Directional couplers are four port passive devices that employ an input port, output port, a port for the coupled signal and a port that is terminated internally. Directional couplers are used to couple a specific proportion of the power traveling in one transmission line out through another connection or port. Directional couplers are used in many different RF applications ranging from signal sampling to signal generation and signal injection.
Directional coupler design and fabrication poses many of the same concerns and constraints as adapter design and fabrication. Moreover, directional couplers also have the added complexity of requiring built in terminations or forward/reverse coupled signal paths. As the coupled signal paths typically carry hundreds, thousands, or tens of thousands of times less RF signal power than the main propagation line, the lower power levels allow for the use of lower power rated transmission lines.
Even for high powered waveguide directional couplers, low powered coaxial transmission lines may be used as the coupled ports instead of waveguide coupler to reduce the size, routing complexity, and cost of a system. This is obviously not the case for hybrid couplers, or 3dB 90° hybrid couplers, which evenly split the power of a signal in two equal RF signal paths. Hence, these types of couplers require matched signal paths that can handle equivalent power levels.
Generally, a directional coupler is designed to have very low insertion loss and reflection. At high power levels, the method of coupling can introduce significant insertion loss and reflection, if it’s not precision designed. Another factor to consider is the loading of the coupled lines though at low power levels a simple termination may be adequate. But, at higher power levels any mismatch or reflections could lead to significant power fed back into the main signal path. Furthermore, the terminations of a directional coupler may need to have higher power handling capabilities than their low power counterparts, depending upon the coupling strength.
Much like directional couplers, power dividers split the RF signal energy along multiple paths. Where, power combiners feed the RF signal energy into one main path. The concerns for insertion loss and reflections are much the same with power dividers/combiners as they are with directional couplers.

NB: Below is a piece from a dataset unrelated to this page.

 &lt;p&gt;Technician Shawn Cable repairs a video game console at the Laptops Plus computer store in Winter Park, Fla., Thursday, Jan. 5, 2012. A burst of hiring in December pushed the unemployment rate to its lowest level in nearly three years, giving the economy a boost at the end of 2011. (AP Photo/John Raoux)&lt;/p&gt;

The major difference is that power dividers/combiners are often at roughly equal power levels, though not phases. As a product of this, any impedance or VSWR mismatch in the connections or feed lines may induce undesired signal degradation, phase deviation, and reflections. Some power dividers/combiners have the inputs or outputs as waveguide or coaxial connections and the inputs and outputs use a different connector size or technology. The frequency and power handling capability for each connection must be accounted for in a final design to ensure acceptable response.